DATA SUPPLIED Start Marker

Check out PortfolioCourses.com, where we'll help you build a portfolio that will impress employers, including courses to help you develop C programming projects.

DATA SUPPLIED End Marker
DATA SUPPLIED Start Marker

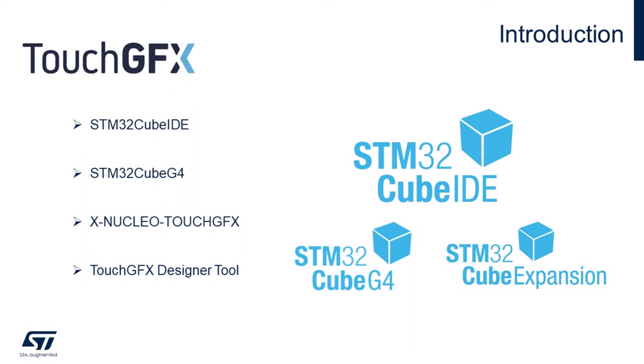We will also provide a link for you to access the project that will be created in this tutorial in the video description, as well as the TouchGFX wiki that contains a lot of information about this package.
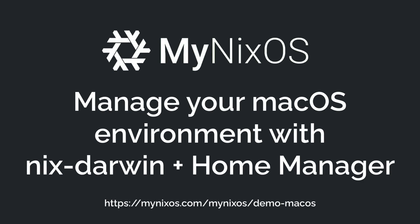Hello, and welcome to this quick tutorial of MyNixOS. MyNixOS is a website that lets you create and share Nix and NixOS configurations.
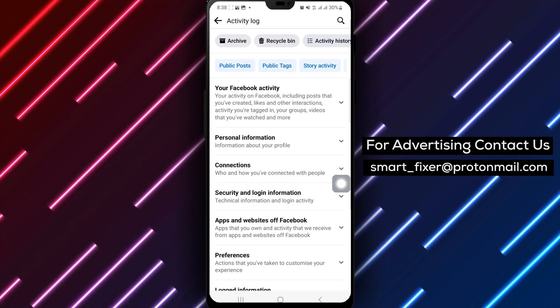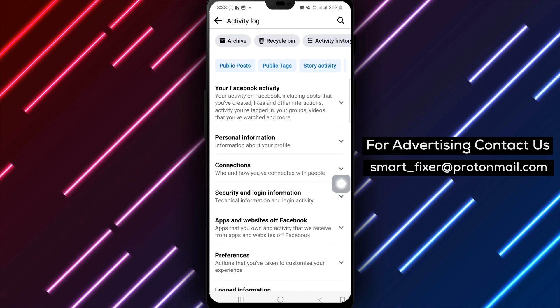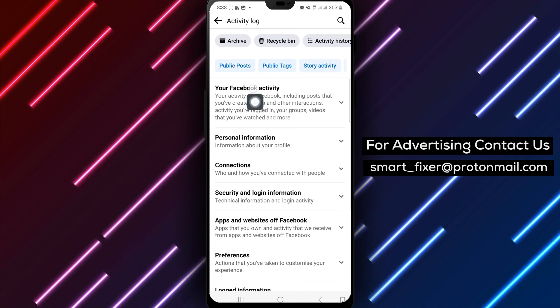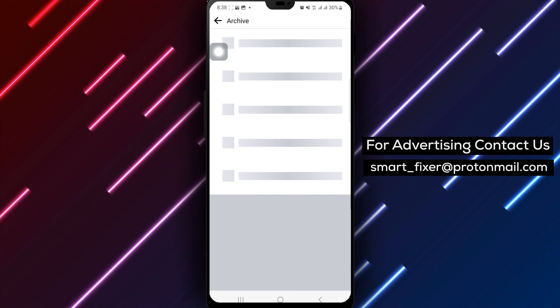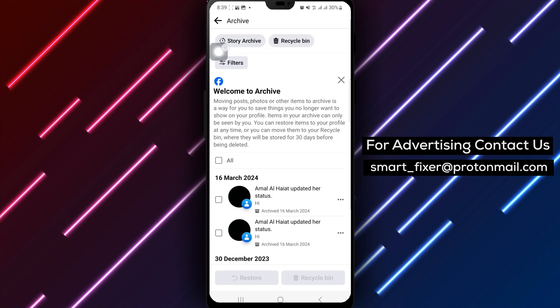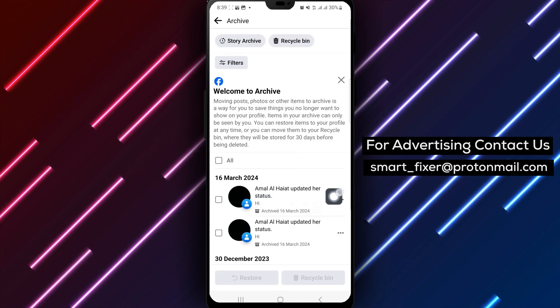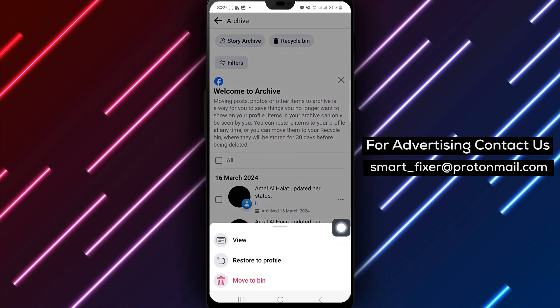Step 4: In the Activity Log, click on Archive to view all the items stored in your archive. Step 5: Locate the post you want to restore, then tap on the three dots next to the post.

DATA SUPPLIED End Marker

- [WORK TO BE COMPLETED]:
Starting at the line above that contains "We will also", transcribe every line exactly through the line that contains "Hello, and welcome", including that last one, and skip the pictures.

- [SOLUTION]:
We will also provide a link for you to access the project that will be created in this tutorial in the video description, as well as the TouchGFX wiki that contains a lot of information about this package.
Hello, and welcome to this quick tutorial of MyNixOS. MyNixOS is a website that lets you create and share Nix and NixOS configurations.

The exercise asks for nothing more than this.